Hive Table Storage Formats

Avoid using TEXT format, Sequence file format or complex storage format such as JSON. Ideally, RCFile (Row Columnar File) or Parquet files are best suited. If you are building data warehouse on Hive, for better performance use Parquet file format.

CREATE TABLE IF NOT EXISTS test_table (
  col1 int,
  col2 string )
ROW FORMAT DELIMITED
FIELDS TERMINATED BY ','
STORED AS PARQUET;

Compression Techniques

Try to split compression algorithms provided by Hadoop & Hive like Snappy. Also you should avoid Gzip because it is not splittable and is CPU intensive.

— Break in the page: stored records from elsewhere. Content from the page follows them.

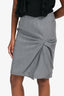 Gianni Versace Grey Silk Houndstooth Check Midi Skirt Size 40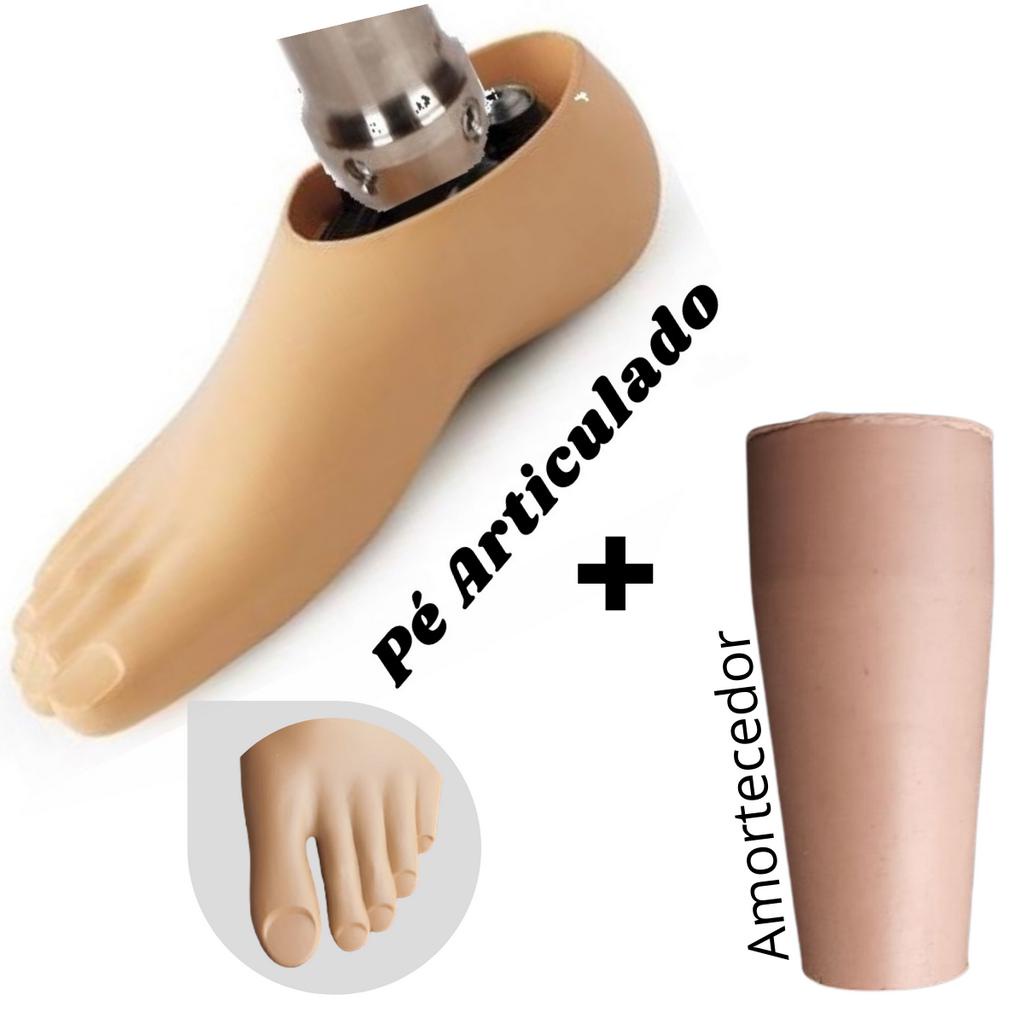 Pé Para Prótese de Perna Transtibial, Amputação Abaixo do Joelho com Pé Articulado + Amortecedor do Adaptador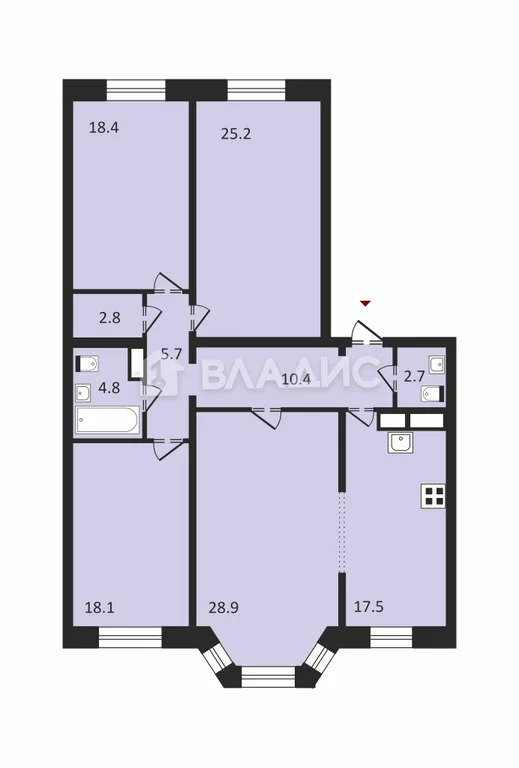Санкт-Петербург, улица Турку, д.13к1, 4-комнатная квартира на продажу - Фото 28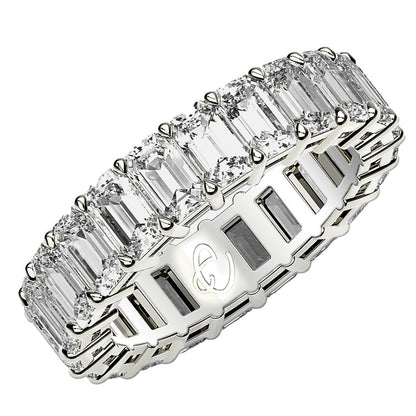 5 cttw Emerald Cut Lab Grown Diamond Eternity Ring in 14k White Gold (FG/VS2)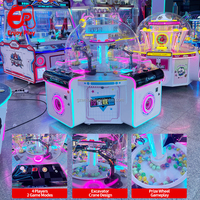 Máquina recreativa de excavadora para 4 jugadores, con monedero, tipo grúa de garra, para centros de juego y centros comerciales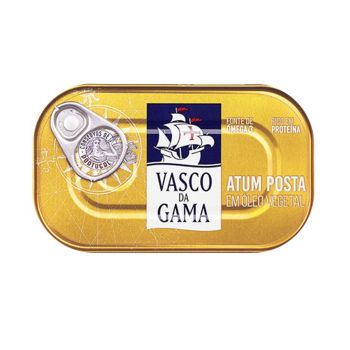 Atum em Posta Vasco da Gama em Óleo Vegetal, 120g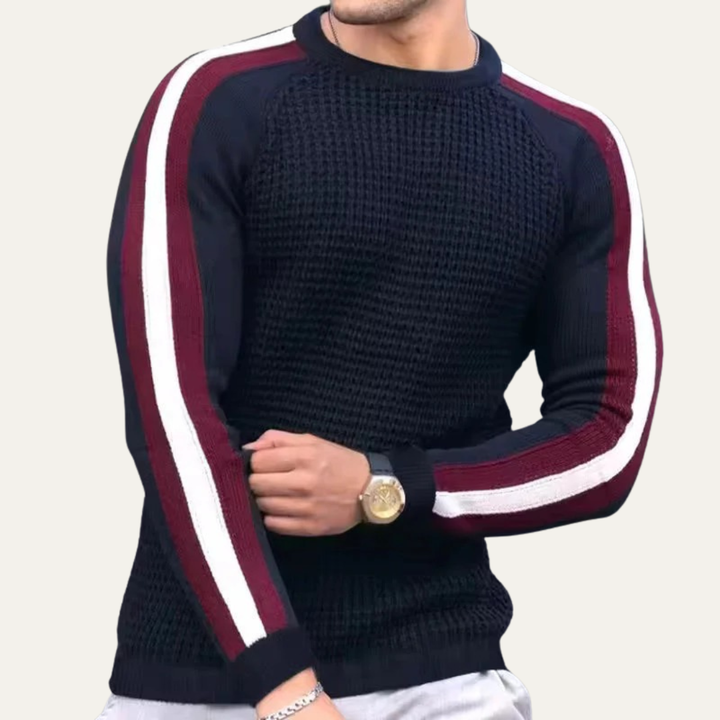 Mens Crewneck Sweater Slim Fit Racing Stripe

CREATE TABLE IF NOT EXISTS test_table (
col1 int,
col2 string )
ROW FORMAT DELIMITED
FIELDS TERMINATED BY ','
STORED AS PARQUET
TBLPROPERTIES ("parquet.compress"="SNAPPY") ";
set hive.exec.compress.output=true;
set hive.exec.compress.intermediate=true;

Partition Tables

Partition will significantly reduce the table scan time. You should partition large Hive tables if you are collecting time series data. Hive Partition will store data in subdirectories like year/month/day. When you query the data, instead of scanning entire table, Hive will go to particular subdirectory and get you required data.

Bucketing Tables

Hadoop Hive bucket concept is dividing Hive partition into number of equal clusters or buckets. Hive Buckets distribute the data load into user defined set of clusters. Hive distribute on hash code of key mentioned in query. Bucketing is useful when it is difficult to create partition on a column as it would be having huge variety of data in that column on which we want to run queries.